转换乘法为平方运算,是一种快速计算椭圆曲线密码点乘的代数方法。利用此方法,提出了素域Fp上雅可比坐标系下的3P和3kP算法,其运算量分别为6[M]＋10[S]和（6k）[M]＋（10k）[S],与已有的最好算法相比,算法效率分别提升了11.8%和10.5%。另外,还在文献[1,2]基础上,对素域Fp上仿射坐标系下的2kP和3kP的算法进行了改进,其算法效率比文献[1,2]分别提高了6.3%和3.3%。

英文摘要：

Trading field muhiplications for field squaring is an algebraic method to improve the performance of scalar multiplication in ECC. This paper gave the algorithms of 3P and 3kP over Fp in terms of Jacobian coordinates.
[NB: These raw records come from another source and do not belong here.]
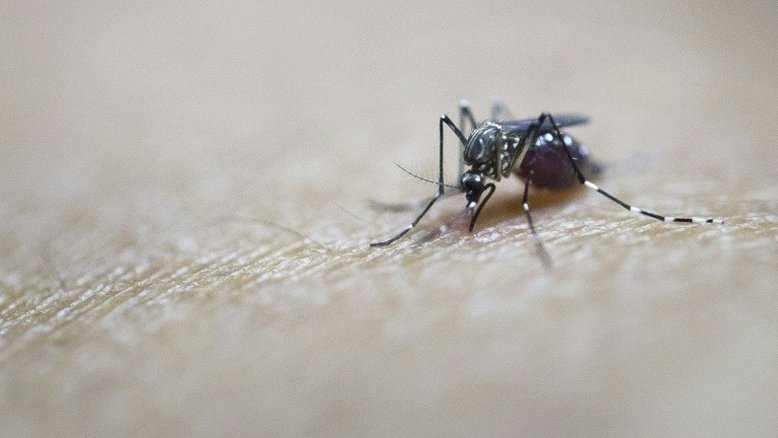 Bolsonaro esquece dos recursos para a dengue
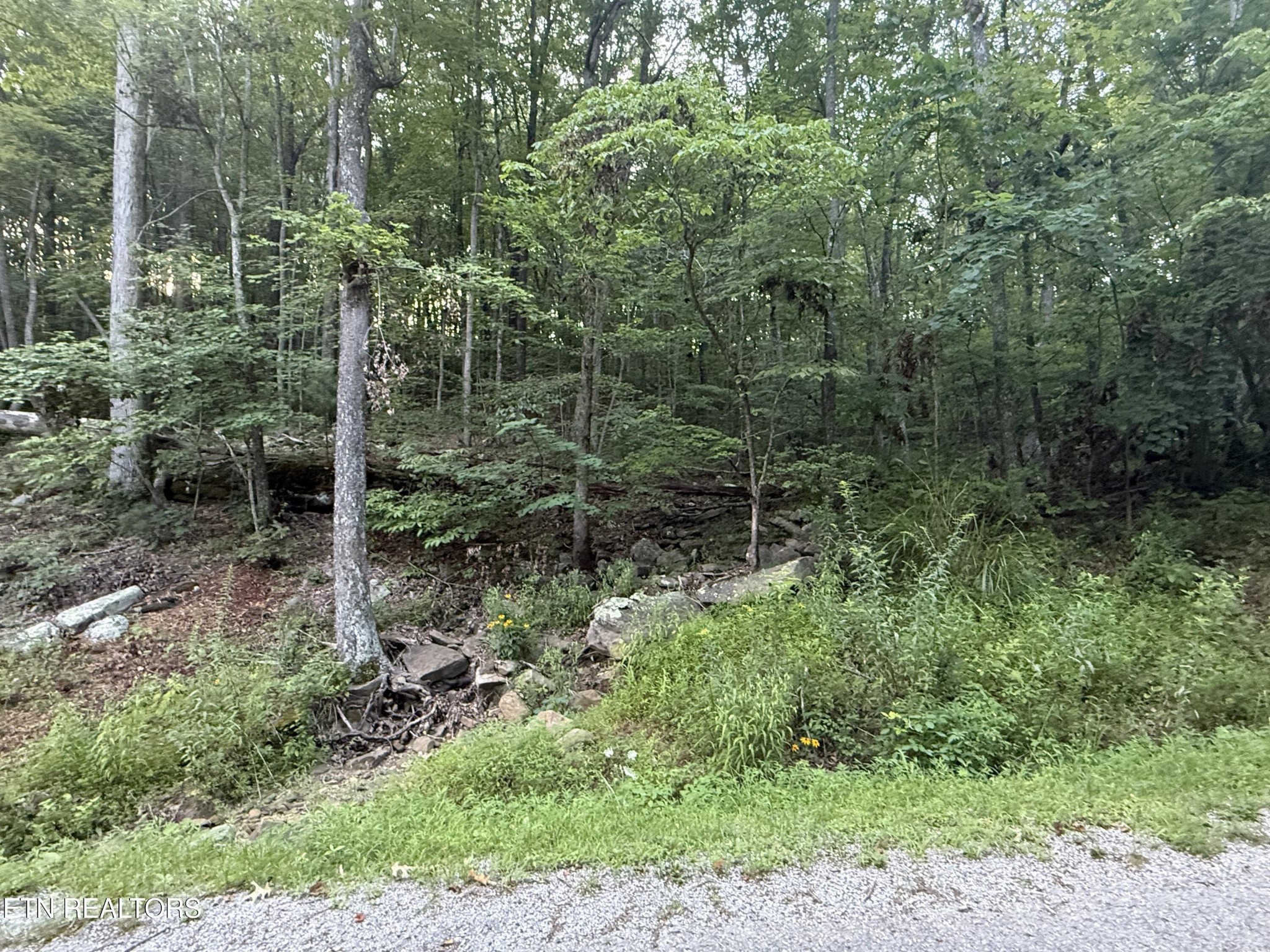 224 Dublin Lane
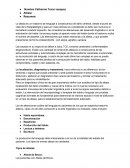 Afasia. Los pacientes con Afasia de Broca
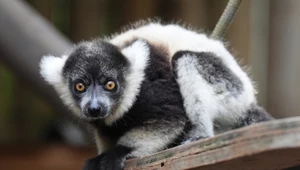 Nowy mieszkaniec zoo kradnie show. Gdy urośnie, będzie olbrzymem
And their computational complexity were 6[ M] ＋ 10[ S] and （6k） [ M] ＋ （10k） [ S] respectively,which was improved to 11.8% and 10.5% respectively than the best algorithms at present. In addition, this paper improved the algorithms of 2kP and 3kP over Fp in terms of affine coordinates on the basis of literature [ 1,2]. And their computational complexity was improved to 6.3% and 3.3% respectively than literature [ 1,2 ].